=== DATA TO USE ===

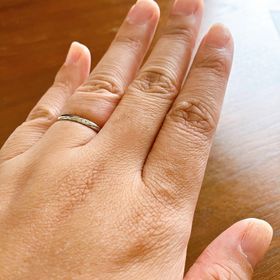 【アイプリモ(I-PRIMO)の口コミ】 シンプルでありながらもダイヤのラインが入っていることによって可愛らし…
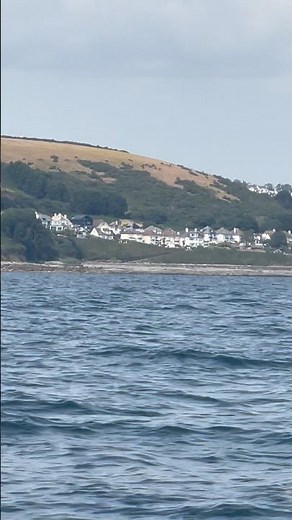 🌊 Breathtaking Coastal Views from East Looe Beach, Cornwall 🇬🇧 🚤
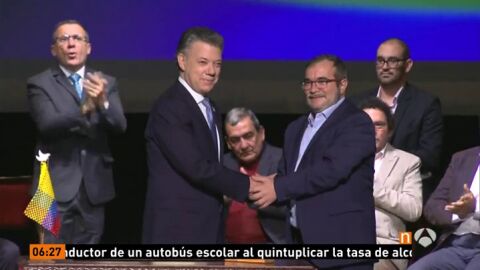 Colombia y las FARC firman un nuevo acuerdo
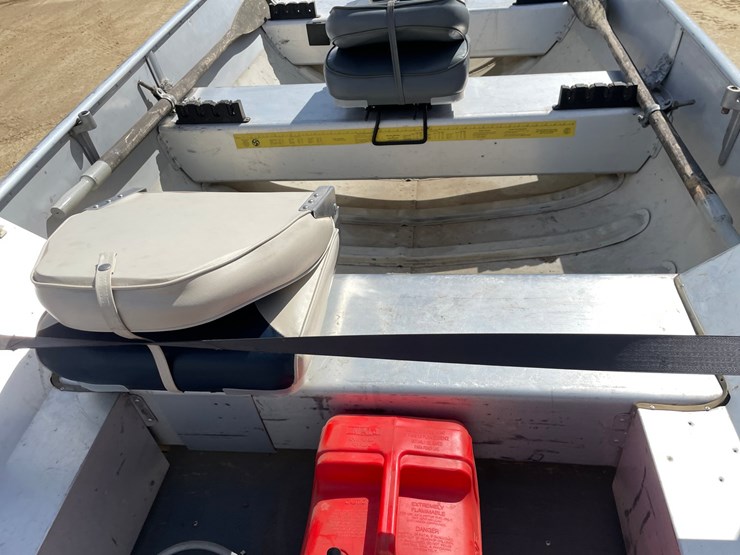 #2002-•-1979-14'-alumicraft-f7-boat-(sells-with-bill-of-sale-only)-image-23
==
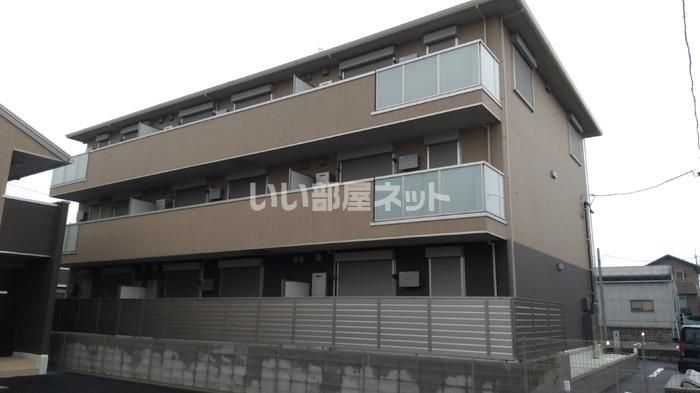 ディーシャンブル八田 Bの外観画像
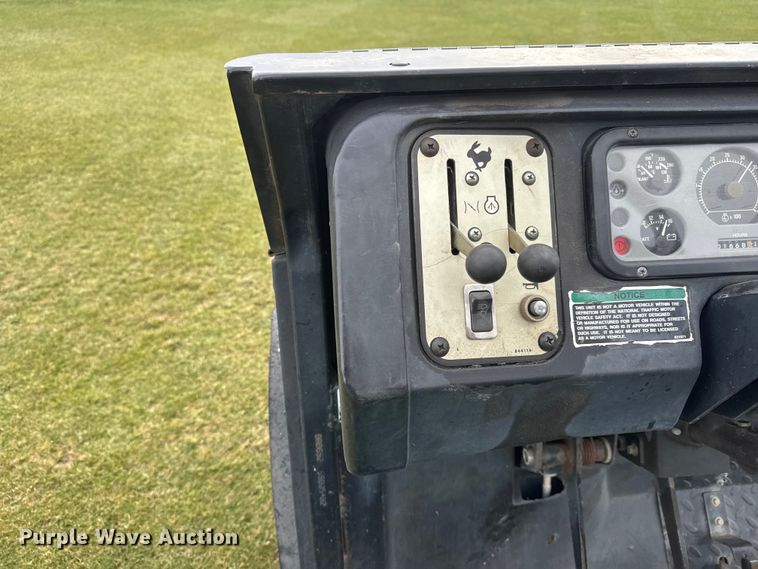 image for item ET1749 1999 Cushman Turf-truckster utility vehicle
==
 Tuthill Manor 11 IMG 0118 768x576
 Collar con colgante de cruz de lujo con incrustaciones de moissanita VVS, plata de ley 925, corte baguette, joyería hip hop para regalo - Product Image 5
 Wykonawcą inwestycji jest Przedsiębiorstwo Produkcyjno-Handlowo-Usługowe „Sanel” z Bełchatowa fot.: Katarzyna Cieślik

=== ASSIGNMENT ===
From the line holding "Colombia y las FARC firman un nuevo acuerdo" to the line holding "#2002-•-1979-1", both included, retype the entries above exactly and drop the pictures.

=== ANSWER SECTION ===
 Colombia y las FARC firman un nuevo acuerdo
 #2002-•-1979-14'-alumicraft-f7-boat-(sells-with-bill-of-sale-only)-image-23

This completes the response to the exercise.